People do things they know they shouldn’t because there’s often a very strong need in us to conform to social influence. We’re subject to these influences before we’re even born and it’s very difficult to maintain a different view or course of action if we feel we’ll be judged unfavourably.
All through our lives we’re programmed by a need to fit in. When you’re an infant if you don’t get the social stuff right early on you risk not getting looked after long enough to be able to fend for yourself.
We also feel the need to be valued by others. When that’s missing we struggle to build self esteem, and despite achievements people still feel inadequate because socially they’ve never felt part of the ‘in-crowd’.
How far does this go?
We all know how important first impressions are and I’m sure you’ve taken some time to deliberate over clothing at some point (even you guys). But would you actually go against your own view of something you think is right? Would you change your view just to fit in with someone else?
Research shows we will do this if we feel enough social pressure – take a look at this YouTube video. Ever found yourself in this position?
Still sure you’d stick to your guns even when someone has a different view to yours? Of course you might say it depends on who it is. There are some people you might not agree with but don’t want to antagonise with your opposing opinion.
At the supermarket recently, a lady in front of me began a rant about her husband being out of work because of too many Polish people in the area. She was loud and believed every word she said, which made the poor cashier look very uncomfortable. She just nodded and smiled, rushing the loud women’s items through before breathing a sigh of relief when she left. Afterwards the cashier immediately said to me “I’m not racist, I hope you don’t think I agree with her – I just didn’t know what to do”. Part of learning how to cope in social situations is being able to acknowledge the views of others while maintaining your own and not feeling inferior.

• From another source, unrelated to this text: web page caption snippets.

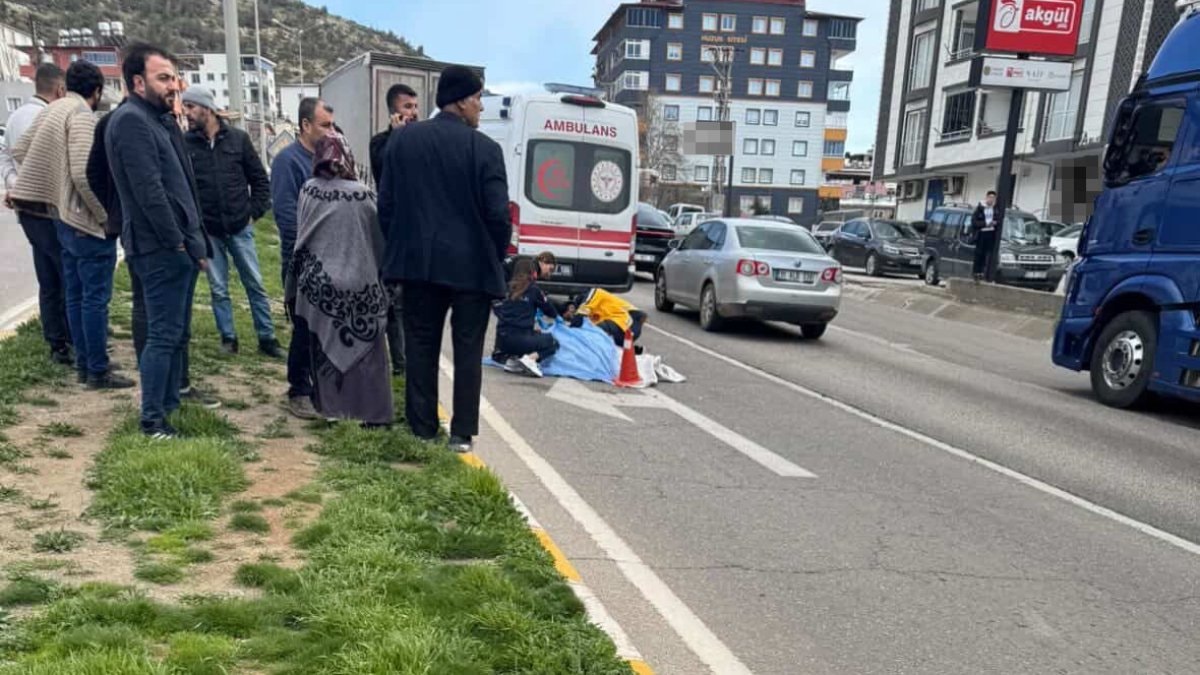 Hatay’da tırın çarptığı 75 yaşındaki adam hayatını kaybetti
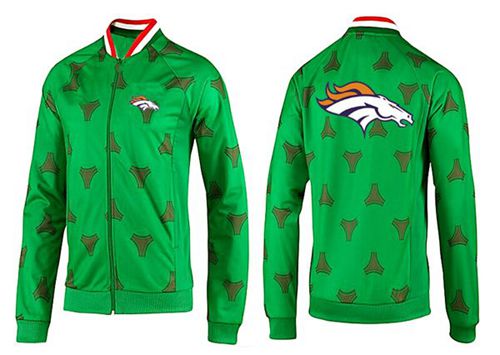 NFL Denver Broncos Team Logo Jacket Green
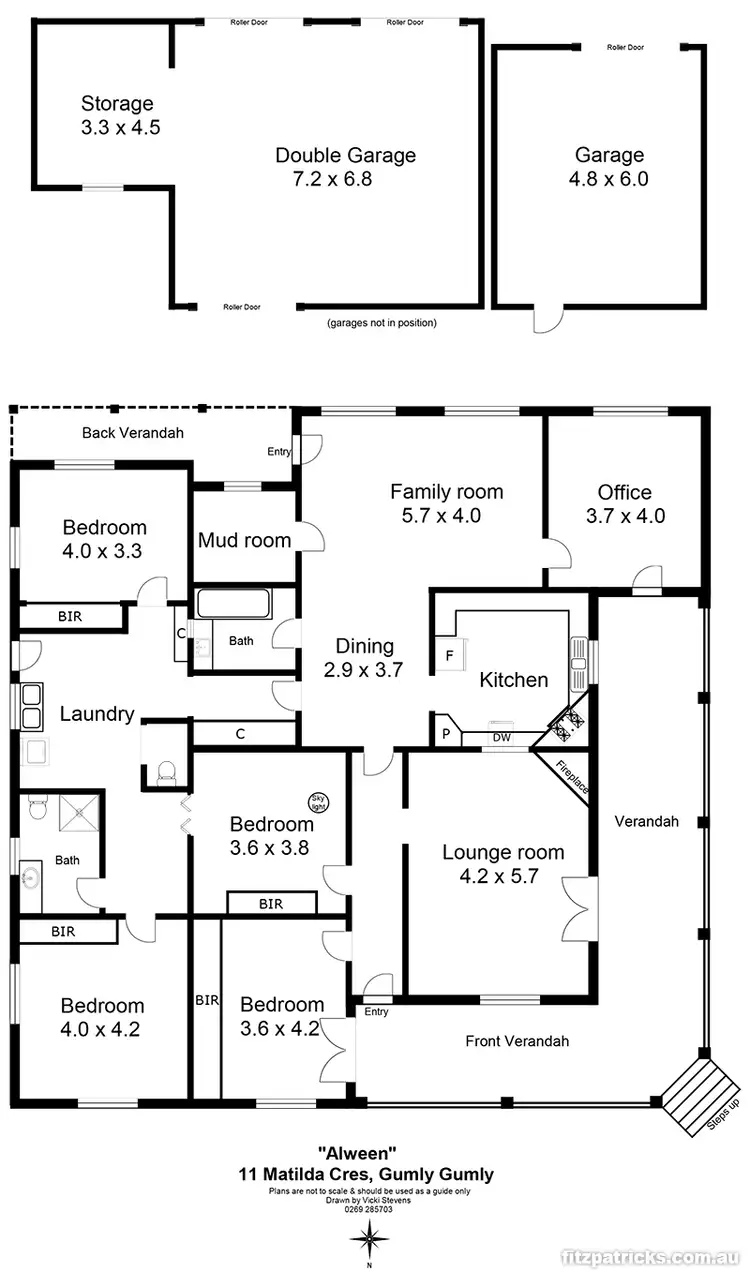 Floorplan of Homely house listing, 11 Matilda Crescent, Gumly Gumly NSW 2652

Lone contractors work alongside full-time employees and they’re very often seen as the most difficult group to manage. Why is this? Well they’re under competing influences that might not all be about working safely. A strong induction message from the foreman with clear expectations helps set the cultural tone, but all too often inductions are rushed or missing all together. As is supervision, so as soon as they start to work in the vicinity of others stronger forces come into play.

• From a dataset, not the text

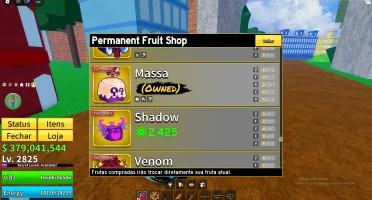 Conta Blox Fruits — Endgame / V4 / Frutas Permanentes / Ski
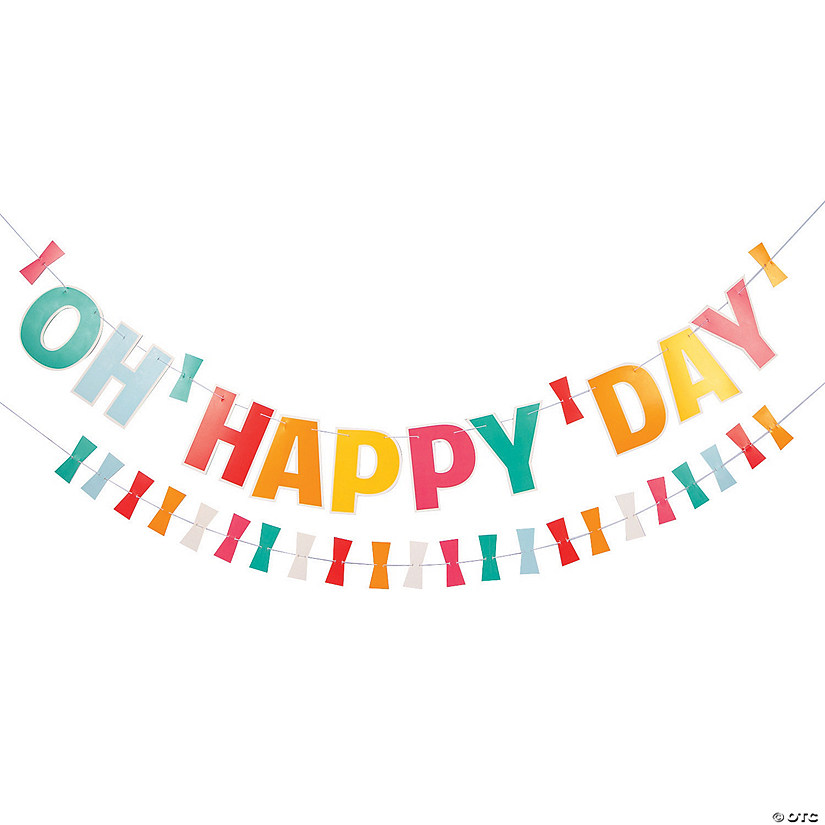 Happy Day Garland - 2 Pc. Image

Contractors soon succumb to pressure to rush the job. Seeing how people around them work, they don’t want to hold things up so they cut corners they know they shouldn’t. Or they might not wear PPE either because others say it’s not needed. They do this to conform and fit in. Often they can’t leave until they’re done as well, and there’s no one around to tell and you don’t ‘dob people in’ do you?
So how can we get people to follow company rules which might be more rigorous than those on other sites? Education is key. So that lone contractors fully understand the consequences of not following expected working practices. Both in terms of disciplinary action, but more importantly the injuries they could sustain.
People need to have a level of expertise and professionalism that means they feel confident enough to stand their ground when others question their methods. Talking through these situations as part of training can also help bring them out into the open.
With the right empowerment, contractors start to see themselves as champions and want to have a good influence on others by doing things the right way. As the video proves, as soon as one person sticks to their guns others feel they can too, and their behaviour influences everyone until the norm is to ‘do the right thing’.